Literasi

Asmara Putih - Biru | My Cerpen (3)

Jumat, 4 Juni 2021, 15:08 WIB
Dibaca 1.062
Asmara Putih - Biru | My Cerpen (3)
My Cerpen

Pagi itu cukup cerah. Aku menyusur jalan raya bersama siswa yang lain. Maklum, suasana di desa cukup berbeda. Kami harus berjalan kaki menuju sekolah. Ini adalah hari pertama bagi adik kelasku untuk duduk di bangku SMP. Lucu. Aku melihat beberapa siswa baru mengenakan tas dari karung dan memakai topi kerucut dari kertas karton. Topi kerucut perempuan berwarna pink, sedangkan topi kerucut laki-laki berwarna biru. Sesekali siswa baru yang beranjak dari masa kanak-kanak itu berlarian mendahului kami. Bunyi riuh kelereng yang dimasukkan dalam kaleng coca cola ikut mengiring jejak langkah mereka. Sesekali kami menggoda pipi imut beberapa siswa baru.

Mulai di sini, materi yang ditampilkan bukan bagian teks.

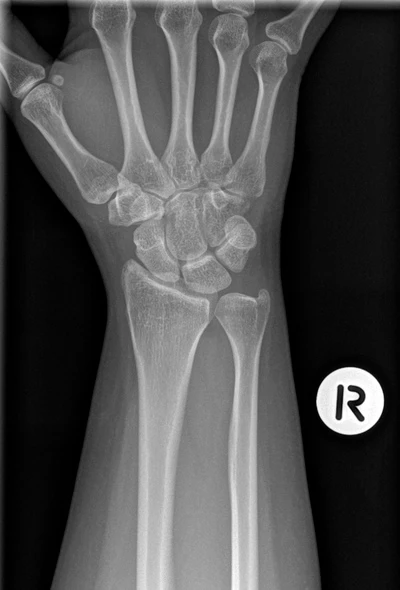 Wrist trauma: X-ray interpretation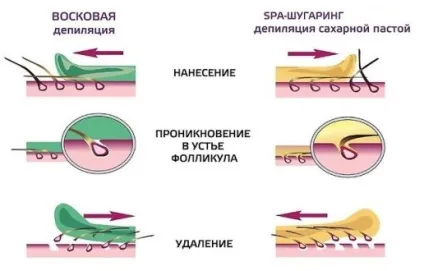 Депіляція зони бікіні в домашніх умовах воском, відео (депіляція) Депіляція зони бікіні в домашніх умовах воском, відео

“Duh, lucunya pipi kamu. Macam kue bakpau,” gelak tawa mengiring body shaming yang kami daraskan.

Sama seperti kakak kelas yang lain. Aku senang mendapat kesempatan menjadi panitia MOS. Waktu untuk balas dendam tiba. Aku ingat masa-masa MOS angkatan kami di tahun sebelumnya. Aku dengan sengaja mengenakan kaus kaki warna pink. Karena aku memang menyukai warna pink. Sontak, tanpa ampun, selama tiga puluh menit aku diminta kakak panitia menyapu halaman tanpa sampah. Aku tak ubah menyapu angin yang berdesir. Dengan sengaja, aku mengibas tanah agar debu-debu ikut beterbangan. Sialnya, lambaian angin segar dari dedaunan menyibak rok biru-ku hingga naik ke atas. Hari ini, aku harus mencari mangsa untuk melampiaskan rasa maluku karena setahun yang lalu diolok-olok oleh kakak kelas.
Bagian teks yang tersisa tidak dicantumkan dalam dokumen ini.